My own family members have been caught up in this. They were among some Palestinian Americans who found themselves trapped and unable to get out of their homes in Jerusalem, while Jewish American settlers literally within meters of them were allowed free access to Israeli airports and crossing points. It was hard for my pregnant daughter, who had an extremely sick child, to be trapped like that. She chose to go back to the U.S. to give birth and ensure that her sick child was treated well.

Is it any wonder that Palestinians see the U.S. standing properly for its principles in Ukraine but see a blatant double standard when it comes to us?

Palestinian nonviolent efforts over the years have also been thwarted. My cousin, a nonviolent activist and Jerusalem native named Mubarak Awad, was deported by the Yitzhak Shamir government in 1996. I know the Boycott, Divestment, Sanctions movement is controversial in the U.S., but it should not be. Boycott efforts are nonviolent. And yet, boycott efforts internationally are fought with false claims of being antisemitic. Various U.S. states have passed anti-American laws (possibly violative of the First Amendment guarantees) that ban boycotts and punish those who support the BDS movement. This Palestinian civil society’s nonviolent response was inspired by the South African resistance to apartheid. There are many more instances of Palestinian attempts at nonviolence, including by some of my heroes like Issa Amro from Hebron and Sami Awad from Bethlehem. They are regularly harassed by Jewish settlers and at times by Israeli security.
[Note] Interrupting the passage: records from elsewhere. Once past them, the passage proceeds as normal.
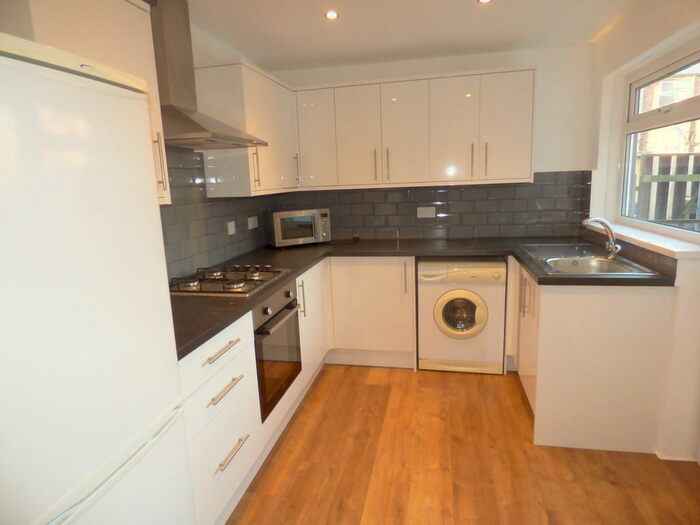 2 Bedroom Apartment To Rent In Eighth Avenue, Heaton, NE6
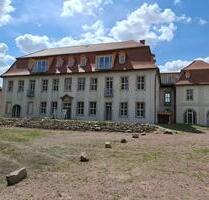 Erstbezug nach Sanierung- 6 Wohnungen im Schloss - Teutschenthal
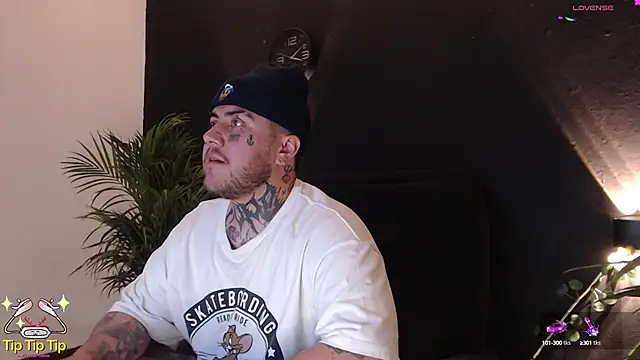 Snapshot of Ash_gusbig chatting on January 2025 05:11:02 AM Ash gusbig online show from January 2025 05:11:02 AM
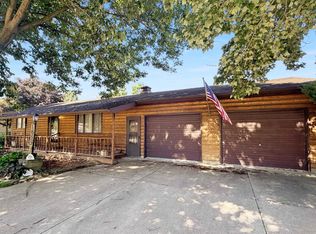 1655 Dorell Dr, Hampton, IA 50441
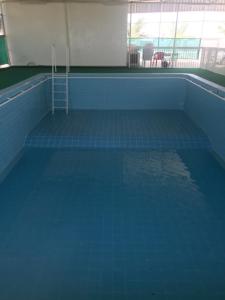Bazén v ubytování Safadi Farm nebo v jeho okolí
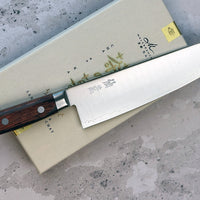 Gyuto AUS-10 linije je svestran kuhinjski nož, koristi se za rezanje povrća, ribe i mesa. Noževi AUS-10 linije su oblikovani za kuhare koji traže klasičan zapadnjački nož  od kvalitetnog japanskog čelika. Elegantan, u dobroj ravnoteži - to je japanski nož koji će postati vaš najomiljeniji.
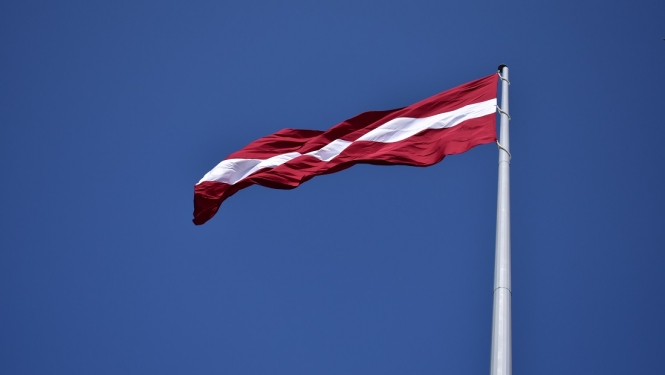 Plīvojošs latvijas karogs uz masta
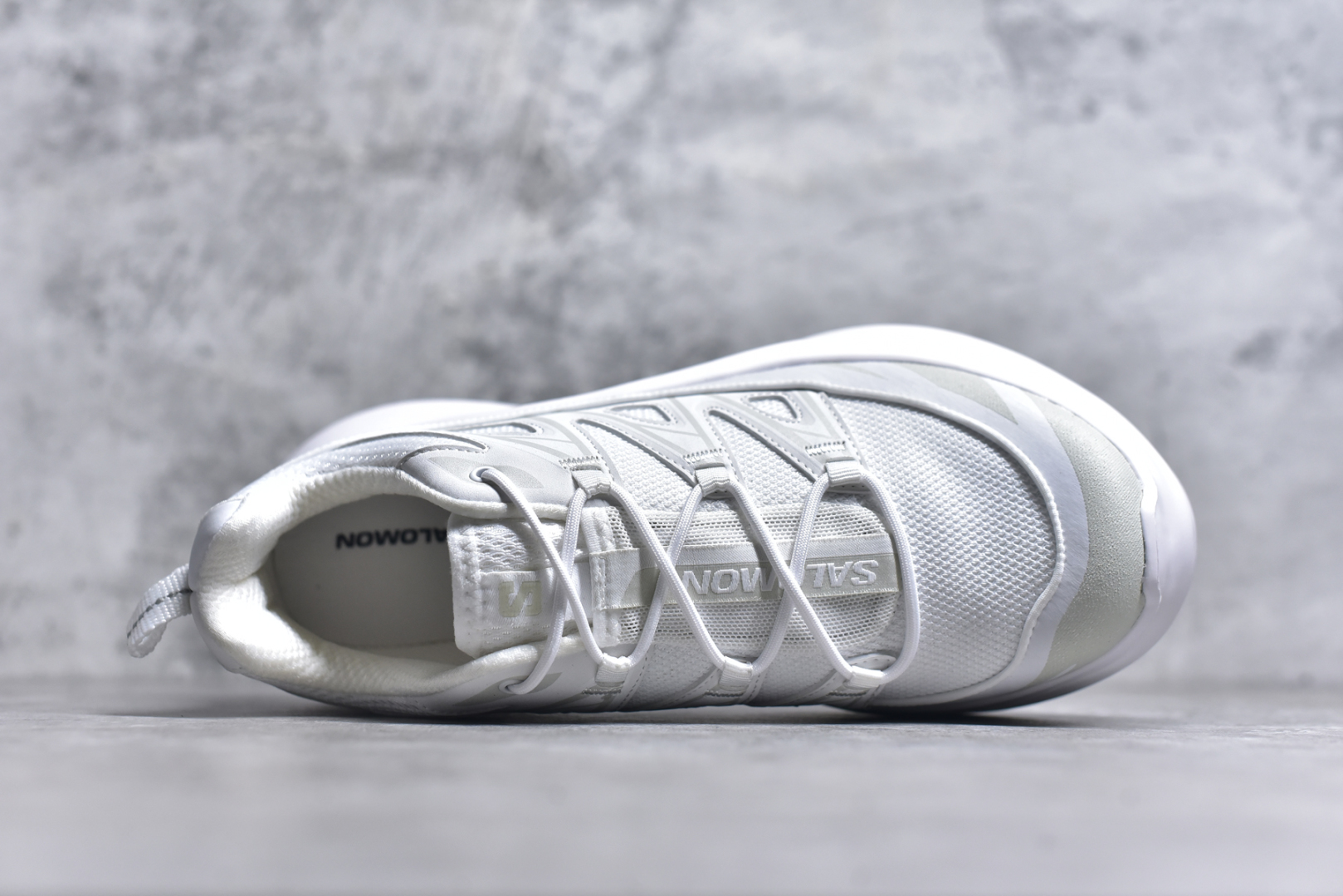 图片[4]-#Comme des Garçons x SALOMON SR811 Leather Platform CDG联名萨洛蒙防滑耐磨低帮运动休闲鞋老爹鞋 纯原外贸平台特供订单 全套原纸板楦头开发 原厂特供网布配套加持 确保原汁原味 完美呈现版型 原档数据独家私模大底 原装Ortholite轻量化鞋垫 中底布带钢印编号 原厂TPU锁扣 进口港宝加持 后跟自然饱满 还原公司包裹性 穿着者可以轻松驾驭户外与通勤下的任何运动生活场景 无缝鞋身户外随意纵横 颜值与脚感兼备 出街通勤 绝对非常吸睛 你值得拥有 尺码：36 36.5 37.5 38 38.5 39 40-选品中心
Peter Beinart has cited examples of nonviolence in a detailed article in The New York Times. Both political and nonviolent activities are restricted by Israel, which has refused to deal with a 75-year-old refugee crisis it has caused, a 56-year occupation its troops are maintaining, and a 16-year unauthorized siege of Gaza. In the meantime, the Israeli army’s almost daily shooting of Palestinians and protecting Jewish settler pogroms have become unbearable, including to many Israelis and American Jews.

Even attempting to follow the international legal remedies has failed to produce any tangible results. The U.S. has even opposed the International Criminal Court in the Hague’s addressing legitimate documented Palestinian charges of apartheid and the illegal Jewish-only colonial settlement enterprise, while speeding up cases against Russian crimes in Ukraine.
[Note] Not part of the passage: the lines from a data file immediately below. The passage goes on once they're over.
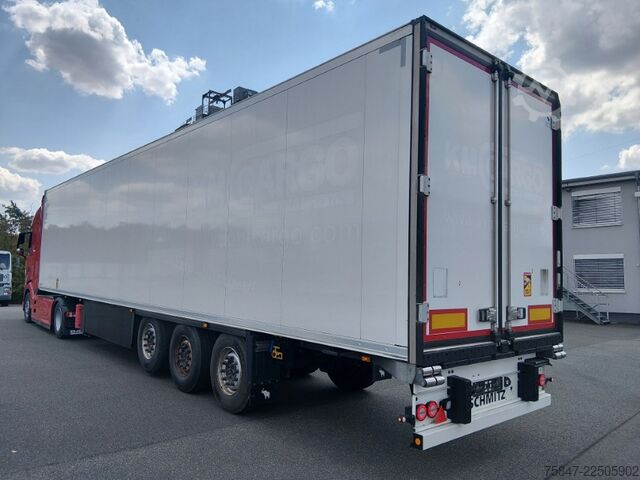 Isolated box semitrailer Schmitz Cargobull SKO 24/L - 13.4 FP Cool V7 DS/BB Pharma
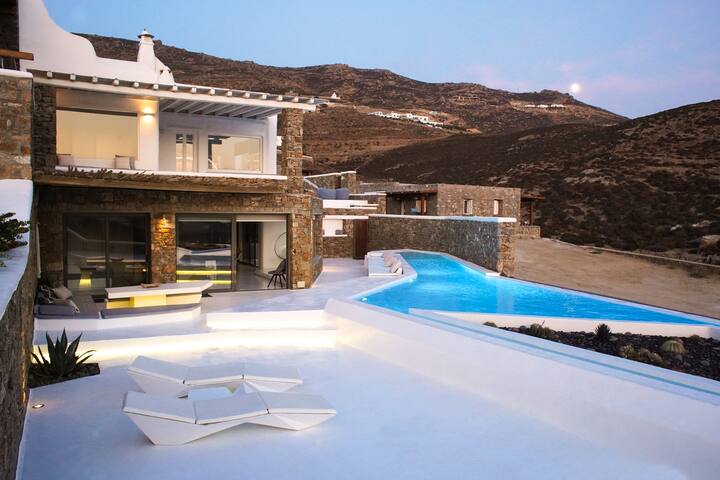 The Beach House Mykonos – Sleek beachside villa gallery image 3
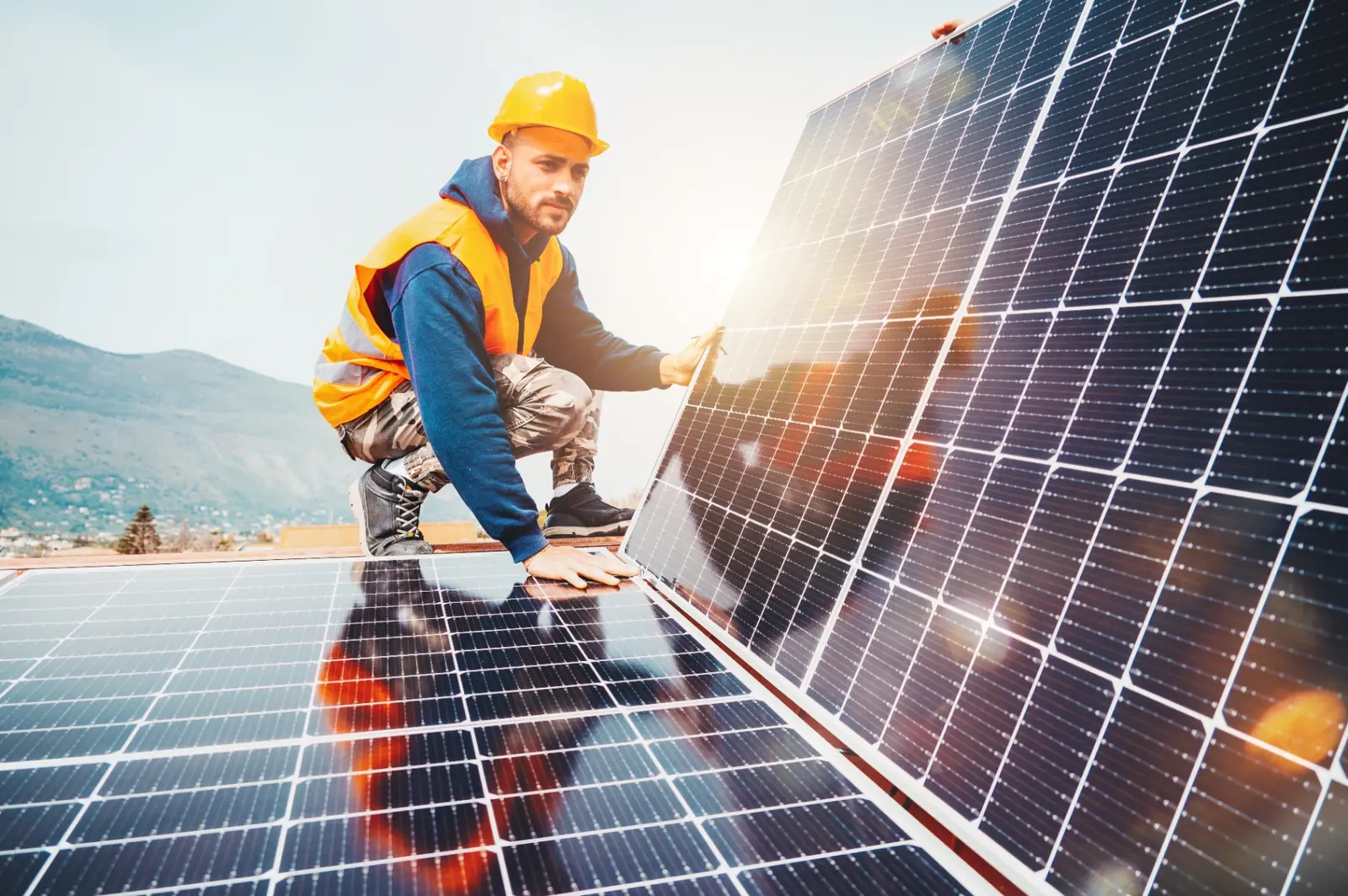 Monteur prüft die Installation einer Photovoltaikanlage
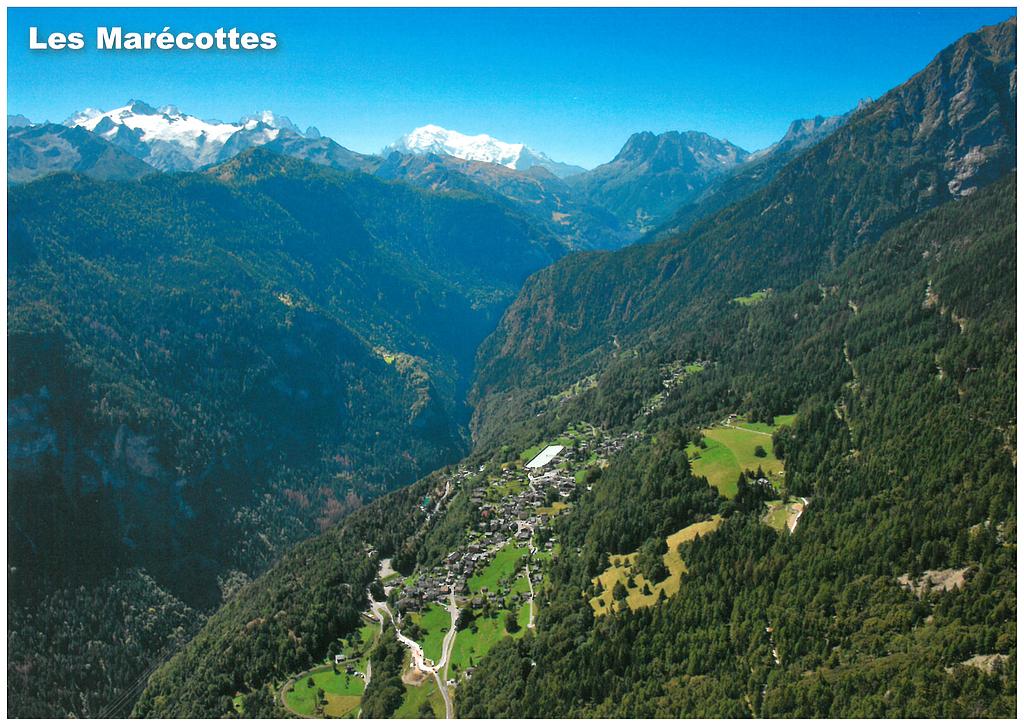 Postcards28586 Les Marécottes VS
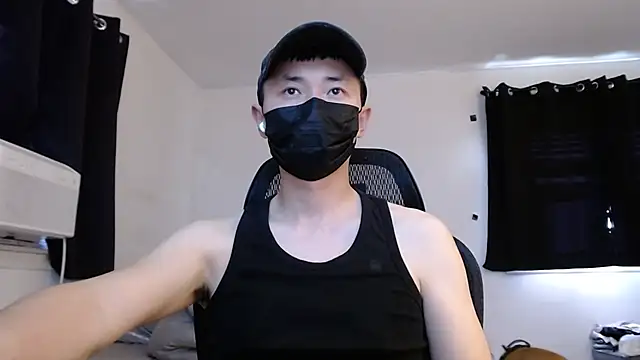 Snapshot of twbobo00715 chatting on 10-03-25, 09:01 twbobo00715 online show from 10-03-25, 09:01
But for right now, the most urgent call is for the respect of the law of war as set out by international treaties and entrusted to the International Committee for the Red Cross and U.N. member states. The U.S. must call for an end to indiscriminate attacks (an Israeli army spokesman admitted that their attacks are aimed at damage, not accuracy), for avoidance of civilians, and the provision of a humanitarian corridor. The internationally banned white phosphorus should not be allowed to be used by Israel, as has been documented and condemned by Human Rights Watch. Hamas should be strongly encouraged to release noncombatant hostages immediately and to refrain from its own indiscriminate rockets, even though over a thousand Palestinian civilians are held without charge or trial.

Once a cease-fire is reached, the sooner the better for saving lives and reasserting hope in international law, serious efforts must be exerted to find a political solution that can lead to the end of occupation and the creation of a democratic and independent Palestinian state alongside a safe Israel. In this regard, the U.S. president (whose rights in this area are exclusive) should instruct his representative at the U.N. not to oppose a call for recognizing Palestine as a full member of the U.N. with the goal of pushing representatives of the state of Palestine—President Mahmoud Abbas and his team—to negotiate with their Israeli counterparts on all issues of becoming good neighbors. There is no issue more in sync with America’s principles than that.